Triphala and it's Anti-Cancerous Properties


Triphala is an herbal formulation used in the Indian medicinal system of Ayurveda for the treatment of various ailments. It consists of three medicinal plants: Emblica officinalis, Terminalia chebula, and Terminalia belerica. It is used for anemia, jaundice, constipation, asthma, fever, chronic ulcers, inflammation, obesity and to strengthen the immune system against infections such as pneumonia, tuberculosis, and AIDS. Triphala was shown to have beneficial effects in studies done in laboratory and in animals. However human data are lacking.

Purported Uses


To treat Infections

Studies done in mice showed that Triphala can reduce infections. No studies have been done in humans.

To decrease high levels of cholesterol

Triphala was shown to reduce cholesterol levels in rats with high cholesterol. However, this has not been studied in humans.

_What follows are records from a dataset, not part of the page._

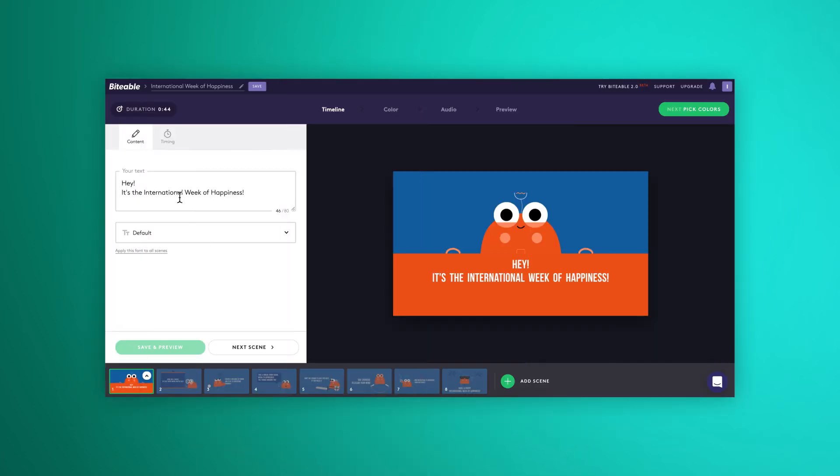And finally, to see all the biteable videos you've ever created, click back to your video library screen here.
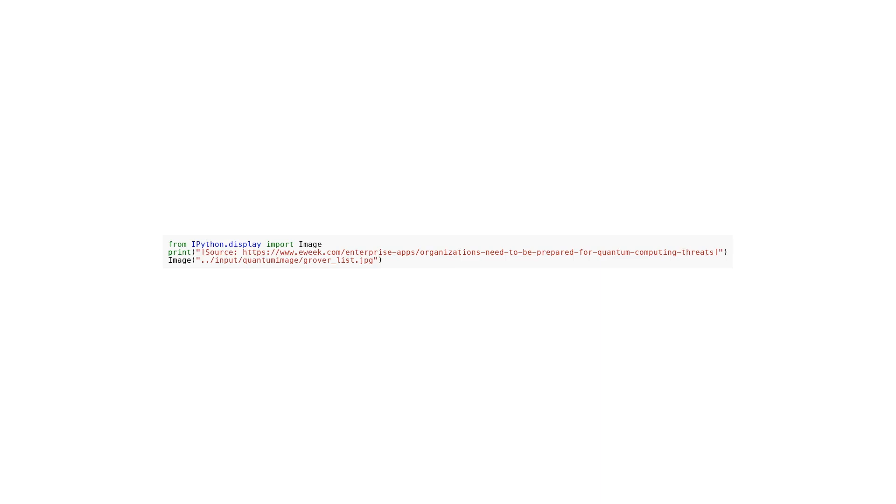In this code snippet, the Python library ipython.display is being imported to enable the display of images. The purpose of this code is to print out the source of an image, which is indicated by a URL provided as a string. The image is referenced in the code as /input/quantum_image/grover_list.jpg. This code snippet serves as a reminder and citation for the source of the image, which in this case is from an article on eweek.com discussing the importance of organizations being prepared for threats posed by quantum computing.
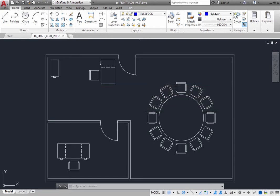You can tell that you are working in model space because the model tab is the current tab, and in the status bar, you can see the word model.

To strengthen the immune system

Studies in rats have shown that Triphala can improve immune function but human data are lacking.

Research Evidence

Several laboratory studies have shown that Triphala has beneficial effects. However, it has not been studied in humans.

Side Effects

Intestinal gas Stomach upset Diarrhea.

Clinical Summary

Triphala is an herbal formulation that is widely used in Ayurveda for the treatment of various ailments. It consists of equal portions of dried and powdered fruits of three medicinal plants: Emblica officinalis, Terminalia chebula, and Terminalia belerica. It is used for anemia, jaundice, constipation, asthma, fever, chronic ulcers, inflammation, obesity and to promote immunity against infections such as pneumonia, tuberculosis, and AIDS. Triphala has been shown to have antioxidant, anti-inflammatory, antibacterial, immunomodulatory, chondroprotective, and anticancer properties in vitro. Triphala's effects are due to the polyphenols and flavonoids present in its constituents. It also demonstrated hypolipidemic effects in hypercholesterolemic rats. However, these effects have not been tested in clinical trials. Triphala may cause gastrointestinal side effects.

Purported uses

Anemia Jaundice Constipation Asthma Infections Chronic ulcers Inflammation Obesity Hypercholesterolemia Cancer

Constituents

Amla (Emblica officinalis) Myrobalan (Terminalia chebula) Belleric Myrobalan (Terminalia belerica).

Mechanism of Action

The exact mechanism of action is not known although the polyphenols and flavonoids are thought to be responsible for many of Triphala's effects. Gallic acid, a major polyphenol in Triphala, has antioxidant property. Triphala also increased the reactive oxygen species (ROS) in breast cancer cells (MCF-7 and T-47D), resulting in apoptosis. Terminalia chebula, one of the components of Triphala, was shown to be a potent hyaluronidase and collagenase inhibitor that prevented degradation of cartilage. Triphala also protected mice from radiation-induced mortality. Oral administration of Triphala enhanced the immune functions in rats.